Rio de Janeiro: When Portuguese winemaker Joao Santos first viewed his company's new vineyard in Brazil, he was crestfallen. How could he ever produce wine anywhere nearly as good as that made in Europe?
The trouble was the palm trees.
“Wine and coconuts,” Santos, director of the Dao Sul vineyard, said with a chuckle in a phone interview from Fazenda Planaltino in northeastern Brazil. “One is completely different from the other. Palm trees you find by beaches. Wine comes from France, Italy, Spain, where they don't have palm trees. Making wine here didn't seem to make sense.”
Today, four years after Dao Sul purchased land with some grape vines in Brazil's semi-arid desert just south of the Equator, it all makes perfect sense. Thanks to hard work, better technology and hundreds of miles of irrigation pipes snaking in from the nearby Sao Francisco River, Dao Sul has overcome the coconut conundrum and produced one of the most successful tropical wines yet.
In doing so, it has given a new push to the growing cluster of “new latitude” wines, those produced outside the traditional geographical heartlands of wine country.
“For years, we have drawn two bands around the globe, roughly between latitudes 30 and 50, to denote those parts of it deemed suitable for viticulture,” Jancis Robinson, a well-known British wine expert, wrote of the new phenomenon on her Web site.
But now, adventurous winemakers are taking on nature in nations like Brazil.
Wine is becoming more popular in countries like Brazil, China and India because of a growing middle class and publicity about its health benefits.
Producers in all three countries are betting those markets will grow, and there are figures to back that up. The London-based research company International Wine and Spirit Record estimates that by 2011, wine consumption will rise by 12% in Brazil, 39% in China and 82% in India.
The new latitude winemakers are still relatively unknown compared with the traditional European powers of France, Germany, Italy, Spain and Portugal, and they lag behind even the New World producers from Argentina, Australia, Chile, New Zealand, South Africa and the US.
But investors have taken notice. In addition to Dao Sul's decision to buy into Brazil, Pernod Ricard owns brands in Brazil, Georgia and India; LVMH has invested heavily in Chandon, Brazil's award-winning sparkling wine; and the French Champagne maker Veuve Clicquot Ponsardin is 11 years into a partnership with Grover Vineyards, one of India's biggest producers.
“The first thing they do is establish a foothold there so they can sell to the domestic market,” said Joe W. Ciatti, the founder of the California-based Joseph W. Ciatti Co., the world's largest grape and bulk wine broker. “Then they can think about exporting afterwards.”

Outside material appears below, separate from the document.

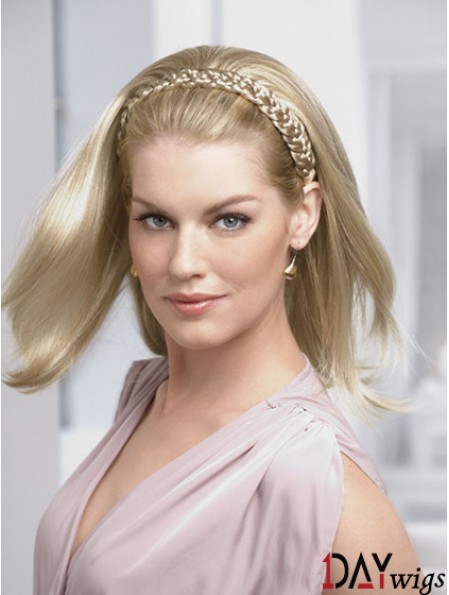 Shoulder Length Straight Blonde Ideal Synthetic Half Wigs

Ciatti and other US producers said the new latitude producers were still so small that they had not yet registered on US radar screens. New World producers worry more about Old World producers and vice versa, Ciatti said.
The two dominate production, with 62% of the world's wine coming from the big five European producers and 26% coming from the New World nations, according to the Paris-based International Organization of Vine and Wine.
But while the two dominant players vie for a share of a market now worth $91.6 billion (Rs3.75 lakh crore), according to the organization's figures, Vinibrasil is quietly working away in this sweltering desert south of the Equator.
One important advantage it shares with many new-latitude wine producing nations is year-round sun. The region gets sunlight 12 hours a day, and in contrast to Bordeaux, which gets sunlight 12 hours a day only during the summer, there are cloudless skies here 300 days a year. Winemakers can harvest all year round, and thus sharply cut production costs.